14. The polyphenylene sulfide composite film according to claim 1 or 2, characterized in that the total thickness of the polyphenylene sulfide composite film is 0.12 to 0.95mm.

15. The polyphenylene sulfide composite film according to claim 1 or 2, characterized in that the polyphenylene sulfide layer and the heat resistant plastic layer are directly compounded together by a co-extrusion process.

16. The polyphenylene sulfide composite film according to claim 15, wherein the polyphenylene sulfide composite film produced by the coextrusion process is subjected to crystallization and annealing at 90 to 230 ℃.

17. The polyphenylene sulfide composite film according to claim 3, wherein the polyphenylene sulfide layer/heat resistant plastic layer unit is selected from PPS/PC, PPS/PA, PPS/PBT, or PPS/PPO, and the polyphenylene sulfide layer/heat resistant plastic layer/polyphenylene sulfide layer unit is selected from PPS/PC/PPS, PPS/PA/PPS, PPS/PBT/PPS, or PPS/PPO/PPS.

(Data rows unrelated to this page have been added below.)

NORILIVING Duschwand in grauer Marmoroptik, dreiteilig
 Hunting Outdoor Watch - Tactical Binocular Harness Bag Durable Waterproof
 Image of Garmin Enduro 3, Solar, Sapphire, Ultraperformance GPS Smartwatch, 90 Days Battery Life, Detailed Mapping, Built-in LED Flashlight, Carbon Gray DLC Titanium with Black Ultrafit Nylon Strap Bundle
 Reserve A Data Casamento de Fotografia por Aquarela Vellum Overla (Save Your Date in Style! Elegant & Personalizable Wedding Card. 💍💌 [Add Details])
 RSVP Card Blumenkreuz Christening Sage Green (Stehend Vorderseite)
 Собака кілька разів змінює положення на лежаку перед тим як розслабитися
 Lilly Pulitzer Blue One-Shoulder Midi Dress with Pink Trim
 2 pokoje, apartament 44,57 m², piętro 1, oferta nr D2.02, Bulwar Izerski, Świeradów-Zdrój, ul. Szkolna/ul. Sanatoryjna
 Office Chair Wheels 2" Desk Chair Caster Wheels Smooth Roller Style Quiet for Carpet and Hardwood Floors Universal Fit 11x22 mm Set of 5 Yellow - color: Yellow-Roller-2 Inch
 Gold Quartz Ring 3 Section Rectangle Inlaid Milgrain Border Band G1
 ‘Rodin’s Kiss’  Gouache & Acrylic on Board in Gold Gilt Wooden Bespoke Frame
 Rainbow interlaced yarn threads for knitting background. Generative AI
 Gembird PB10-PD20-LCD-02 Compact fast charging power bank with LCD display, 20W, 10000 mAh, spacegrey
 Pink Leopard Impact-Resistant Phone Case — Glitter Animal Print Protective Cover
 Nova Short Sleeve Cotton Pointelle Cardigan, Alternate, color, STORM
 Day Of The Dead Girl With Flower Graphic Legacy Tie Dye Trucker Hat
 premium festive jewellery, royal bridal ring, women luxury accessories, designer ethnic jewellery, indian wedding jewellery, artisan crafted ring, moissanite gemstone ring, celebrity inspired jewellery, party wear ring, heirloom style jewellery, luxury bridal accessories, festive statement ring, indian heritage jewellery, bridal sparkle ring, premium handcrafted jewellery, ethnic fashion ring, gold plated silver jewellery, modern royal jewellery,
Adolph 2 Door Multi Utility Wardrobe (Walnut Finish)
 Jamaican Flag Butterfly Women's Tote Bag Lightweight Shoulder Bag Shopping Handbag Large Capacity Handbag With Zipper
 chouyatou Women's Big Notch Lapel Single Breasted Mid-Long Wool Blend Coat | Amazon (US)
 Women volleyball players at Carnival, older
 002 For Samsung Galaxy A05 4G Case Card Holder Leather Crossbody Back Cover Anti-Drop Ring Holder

18. A method for preparing the polyphenylene sulfide composite membrane according to any one of claims 1 to 17, comprising:

the PPS is extruded and plasticized from one extruder, the molten material flows to a distributor, and the heat-resistant plastic is extruded and plasticized from the other extruder, and the molten material also flows to the distributor, wherein the PPS is divided into one layer or two layers of molten material flows at the distributor, and one side or two sides of the distributor and the heat-resistant plastic layer are overlapped together to form a two-layer or three-layer structure, and the two layers or three-layer structure is cooled and formed into a solid film after flowing out of a die head.

19. A method for preparing the polyphenylene sulfide composite membrane as set forth in claims 2 to 17, comprising:

the PPS is extruded and plasticized from a first extruder, the molten material flows to a distributor, the heat-resistant plastic is extruded and plasticized from a second extruder, the molten material also flows to the distributor, the PPS is extruded and plasticized from a third extruder, the molten material flows to the distributor, the plasticized PPS molten materials extruded and plasticized from the first extruder and the third extruder are overlapped on two sides of the distributor and the heat-resistant plastic layer to form a three-layer structure, and the three-layer structure is cooled and molded into a solid film after flowing out of a die head.

20. The method for producing a polyphenylene sulfide composite film according to claim 18 or 19, further comprising: and (3) placing the solid film in an environment of 90-230 ℃ for heat treatment so as to crystallize and anneal the solid film.